● WHAT TO WORK ON: Copy every line of the records below that holds the word "Legends".
● ● ● ● ● ● ●
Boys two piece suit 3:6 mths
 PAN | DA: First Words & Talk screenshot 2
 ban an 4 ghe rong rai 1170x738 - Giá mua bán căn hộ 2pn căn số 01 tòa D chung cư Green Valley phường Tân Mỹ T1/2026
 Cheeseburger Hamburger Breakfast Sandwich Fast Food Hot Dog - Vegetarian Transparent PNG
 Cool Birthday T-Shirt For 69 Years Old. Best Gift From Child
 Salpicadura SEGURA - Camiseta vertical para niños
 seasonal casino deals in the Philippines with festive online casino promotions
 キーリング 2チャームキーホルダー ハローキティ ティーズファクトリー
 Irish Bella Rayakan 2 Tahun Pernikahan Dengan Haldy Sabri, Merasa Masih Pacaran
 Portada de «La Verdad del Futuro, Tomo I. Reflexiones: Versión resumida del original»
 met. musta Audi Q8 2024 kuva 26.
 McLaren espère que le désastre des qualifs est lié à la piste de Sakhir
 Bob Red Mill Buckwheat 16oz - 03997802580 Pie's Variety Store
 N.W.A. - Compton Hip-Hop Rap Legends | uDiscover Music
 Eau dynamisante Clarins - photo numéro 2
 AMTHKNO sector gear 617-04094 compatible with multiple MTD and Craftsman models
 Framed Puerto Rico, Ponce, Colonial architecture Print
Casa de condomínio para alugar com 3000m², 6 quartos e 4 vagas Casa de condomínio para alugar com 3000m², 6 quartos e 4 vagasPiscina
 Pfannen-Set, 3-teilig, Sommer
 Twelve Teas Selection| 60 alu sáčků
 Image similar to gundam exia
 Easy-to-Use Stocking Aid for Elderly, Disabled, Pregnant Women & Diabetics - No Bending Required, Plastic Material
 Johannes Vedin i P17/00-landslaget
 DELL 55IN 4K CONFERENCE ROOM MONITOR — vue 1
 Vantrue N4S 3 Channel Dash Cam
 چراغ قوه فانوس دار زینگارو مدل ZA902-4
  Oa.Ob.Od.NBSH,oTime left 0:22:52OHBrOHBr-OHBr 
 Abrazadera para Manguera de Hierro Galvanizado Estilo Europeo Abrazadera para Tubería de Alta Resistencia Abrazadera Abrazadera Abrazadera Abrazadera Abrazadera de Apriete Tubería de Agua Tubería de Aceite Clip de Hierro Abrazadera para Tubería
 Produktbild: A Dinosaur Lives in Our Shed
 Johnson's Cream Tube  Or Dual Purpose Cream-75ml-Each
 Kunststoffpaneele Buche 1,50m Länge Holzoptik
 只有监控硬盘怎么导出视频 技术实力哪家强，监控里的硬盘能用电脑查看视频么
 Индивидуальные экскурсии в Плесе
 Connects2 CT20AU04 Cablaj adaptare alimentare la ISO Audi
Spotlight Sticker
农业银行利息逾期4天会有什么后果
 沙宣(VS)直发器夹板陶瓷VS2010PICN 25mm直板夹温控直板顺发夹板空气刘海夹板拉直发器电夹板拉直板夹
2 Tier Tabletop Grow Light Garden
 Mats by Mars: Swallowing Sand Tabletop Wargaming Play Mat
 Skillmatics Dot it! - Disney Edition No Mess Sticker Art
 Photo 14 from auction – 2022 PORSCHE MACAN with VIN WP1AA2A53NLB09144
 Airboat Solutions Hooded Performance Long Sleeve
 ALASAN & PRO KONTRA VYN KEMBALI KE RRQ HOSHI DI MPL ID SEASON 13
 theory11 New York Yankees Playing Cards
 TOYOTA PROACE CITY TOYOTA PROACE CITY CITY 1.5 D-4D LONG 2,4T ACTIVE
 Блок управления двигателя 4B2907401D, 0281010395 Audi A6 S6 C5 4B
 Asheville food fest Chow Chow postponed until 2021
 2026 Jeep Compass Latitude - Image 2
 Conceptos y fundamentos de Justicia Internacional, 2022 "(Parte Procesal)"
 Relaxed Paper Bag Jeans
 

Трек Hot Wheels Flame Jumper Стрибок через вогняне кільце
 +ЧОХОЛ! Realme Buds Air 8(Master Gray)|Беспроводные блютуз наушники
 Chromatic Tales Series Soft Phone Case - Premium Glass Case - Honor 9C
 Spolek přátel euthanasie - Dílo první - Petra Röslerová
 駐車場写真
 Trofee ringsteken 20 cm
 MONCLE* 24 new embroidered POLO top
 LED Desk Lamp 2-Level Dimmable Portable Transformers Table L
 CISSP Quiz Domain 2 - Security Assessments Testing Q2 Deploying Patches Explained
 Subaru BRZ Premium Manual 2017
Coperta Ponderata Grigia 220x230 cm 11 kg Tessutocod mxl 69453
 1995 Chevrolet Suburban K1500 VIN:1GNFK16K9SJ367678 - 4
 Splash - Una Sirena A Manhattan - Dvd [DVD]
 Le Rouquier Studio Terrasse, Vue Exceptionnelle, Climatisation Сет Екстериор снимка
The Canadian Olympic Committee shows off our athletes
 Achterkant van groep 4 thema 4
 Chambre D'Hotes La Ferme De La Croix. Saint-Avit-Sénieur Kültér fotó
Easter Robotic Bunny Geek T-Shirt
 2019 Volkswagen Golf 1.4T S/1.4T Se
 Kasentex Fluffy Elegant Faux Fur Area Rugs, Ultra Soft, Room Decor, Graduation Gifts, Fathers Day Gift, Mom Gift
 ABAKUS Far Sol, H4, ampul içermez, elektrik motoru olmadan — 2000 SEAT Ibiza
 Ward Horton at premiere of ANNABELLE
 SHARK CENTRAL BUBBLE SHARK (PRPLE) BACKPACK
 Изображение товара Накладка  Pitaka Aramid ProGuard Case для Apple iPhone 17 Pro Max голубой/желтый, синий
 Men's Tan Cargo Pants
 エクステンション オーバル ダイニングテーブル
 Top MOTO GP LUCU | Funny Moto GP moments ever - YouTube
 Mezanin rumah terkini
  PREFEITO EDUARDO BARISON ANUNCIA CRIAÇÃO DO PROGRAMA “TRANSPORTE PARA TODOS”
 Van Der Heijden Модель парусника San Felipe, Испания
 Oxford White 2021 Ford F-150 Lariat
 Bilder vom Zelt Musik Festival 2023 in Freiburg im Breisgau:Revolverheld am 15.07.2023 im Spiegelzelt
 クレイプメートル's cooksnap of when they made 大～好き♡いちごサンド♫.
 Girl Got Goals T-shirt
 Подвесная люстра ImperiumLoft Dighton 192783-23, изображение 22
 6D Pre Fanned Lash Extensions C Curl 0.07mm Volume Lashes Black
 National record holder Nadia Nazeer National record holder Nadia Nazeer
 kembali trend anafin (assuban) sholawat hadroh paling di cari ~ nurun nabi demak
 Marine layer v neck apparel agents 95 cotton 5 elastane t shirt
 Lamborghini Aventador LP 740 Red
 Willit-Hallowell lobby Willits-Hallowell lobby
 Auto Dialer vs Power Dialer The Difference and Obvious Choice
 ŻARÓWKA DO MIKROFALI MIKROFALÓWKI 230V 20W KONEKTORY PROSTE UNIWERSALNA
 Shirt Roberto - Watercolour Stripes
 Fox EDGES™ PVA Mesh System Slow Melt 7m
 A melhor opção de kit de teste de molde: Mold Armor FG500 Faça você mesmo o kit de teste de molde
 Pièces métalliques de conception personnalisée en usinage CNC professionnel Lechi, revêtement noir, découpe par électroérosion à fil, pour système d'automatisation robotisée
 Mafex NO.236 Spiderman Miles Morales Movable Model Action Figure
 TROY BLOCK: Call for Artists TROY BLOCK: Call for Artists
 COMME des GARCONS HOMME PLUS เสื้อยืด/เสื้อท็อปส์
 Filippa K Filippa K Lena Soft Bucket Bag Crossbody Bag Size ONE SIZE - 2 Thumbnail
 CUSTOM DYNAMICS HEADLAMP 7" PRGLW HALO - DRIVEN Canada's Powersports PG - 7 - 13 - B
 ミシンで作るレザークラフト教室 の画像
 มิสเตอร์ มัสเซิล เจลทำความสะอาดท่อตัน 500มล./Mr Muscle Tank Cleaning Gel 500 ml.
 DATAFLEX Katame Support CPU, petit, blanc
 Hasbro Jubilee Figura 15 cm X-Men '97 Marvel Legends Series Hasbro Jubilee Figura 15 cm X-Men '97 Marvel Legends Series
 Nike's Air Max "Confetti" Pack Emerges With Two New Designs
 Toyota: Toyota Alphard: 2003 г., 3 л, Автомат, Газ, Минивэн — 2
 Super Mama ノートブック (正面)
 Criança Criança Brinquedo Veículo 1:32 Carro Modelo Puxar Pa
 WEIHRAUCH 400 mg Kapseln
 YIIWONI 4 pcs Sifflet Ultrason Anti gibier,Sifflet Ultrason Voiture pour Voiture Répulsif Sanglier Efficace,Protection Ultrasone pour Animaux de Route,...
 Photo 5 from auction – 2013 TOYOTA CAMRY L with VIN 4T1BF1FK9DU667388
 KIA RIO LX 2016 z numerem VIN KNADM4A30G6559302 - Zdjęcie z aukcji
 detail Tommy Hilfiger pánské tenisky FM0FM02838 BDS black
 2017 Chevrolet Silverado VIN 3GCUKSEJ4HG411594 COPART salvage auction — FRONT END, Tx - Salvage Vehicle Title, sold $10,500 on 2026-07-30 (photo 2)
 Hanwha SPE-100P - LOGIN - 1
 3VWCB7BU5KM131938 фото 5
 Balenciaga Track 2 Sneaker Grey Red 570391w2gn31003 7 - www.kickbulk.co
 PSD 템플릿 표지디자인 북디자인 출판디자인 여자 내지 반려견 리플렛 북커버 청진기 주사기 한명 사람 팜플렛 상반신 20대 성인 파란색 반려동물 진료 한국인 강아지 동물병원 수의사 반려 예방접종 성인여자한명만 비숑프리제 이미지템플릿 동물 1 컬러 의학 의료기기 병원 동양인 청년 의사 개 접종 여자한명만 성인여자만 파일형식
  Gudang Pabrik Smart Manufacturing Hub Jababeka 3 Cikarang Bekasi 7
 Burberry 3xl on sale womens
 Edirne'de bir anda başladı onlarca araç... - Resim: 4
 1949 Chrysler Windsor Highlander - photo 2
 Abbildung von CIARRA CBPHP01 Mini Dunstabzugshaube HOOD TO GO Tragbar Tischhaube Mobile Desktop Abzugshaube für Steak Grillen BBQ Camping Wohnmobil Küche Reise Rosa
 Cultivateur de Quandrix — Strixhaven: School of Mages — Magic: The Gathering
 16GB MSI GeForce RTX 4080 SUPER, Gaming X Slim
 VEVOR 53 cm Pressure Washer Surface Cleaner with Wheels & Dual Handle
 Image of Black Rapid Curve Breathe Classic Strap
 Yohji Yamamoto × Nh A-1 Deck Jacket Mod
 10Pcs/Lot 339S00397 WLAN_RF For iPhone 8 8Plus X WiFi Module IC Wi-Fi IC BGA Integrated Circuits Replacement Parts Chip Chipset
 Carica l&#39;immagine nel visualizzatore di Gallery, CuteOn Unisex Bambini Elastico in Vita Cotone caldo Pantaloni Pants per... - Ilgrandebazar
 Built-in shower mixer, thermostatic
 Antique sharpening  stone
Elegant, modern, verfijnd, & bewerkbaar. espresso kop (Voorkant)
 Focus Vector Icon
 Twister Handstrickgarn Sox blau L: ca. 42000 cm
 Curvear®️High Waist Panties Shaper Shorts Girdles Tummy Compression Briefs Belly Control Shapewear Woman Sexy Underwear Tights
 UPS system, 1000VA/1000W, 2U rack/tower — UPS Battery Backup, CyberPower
● ● ● ● ● ● ●
● SOLUTION FOR THIS TASK:
 N.W.A. - Compton Hip-Hop Rap Legends | uDiscover Music
 Hasbro Jubilee Figura 15 cm X-Men '97 Marvel Legends Series Hasbro Jubilee Figura 15 cm X-Men '97 Marvel Legends Series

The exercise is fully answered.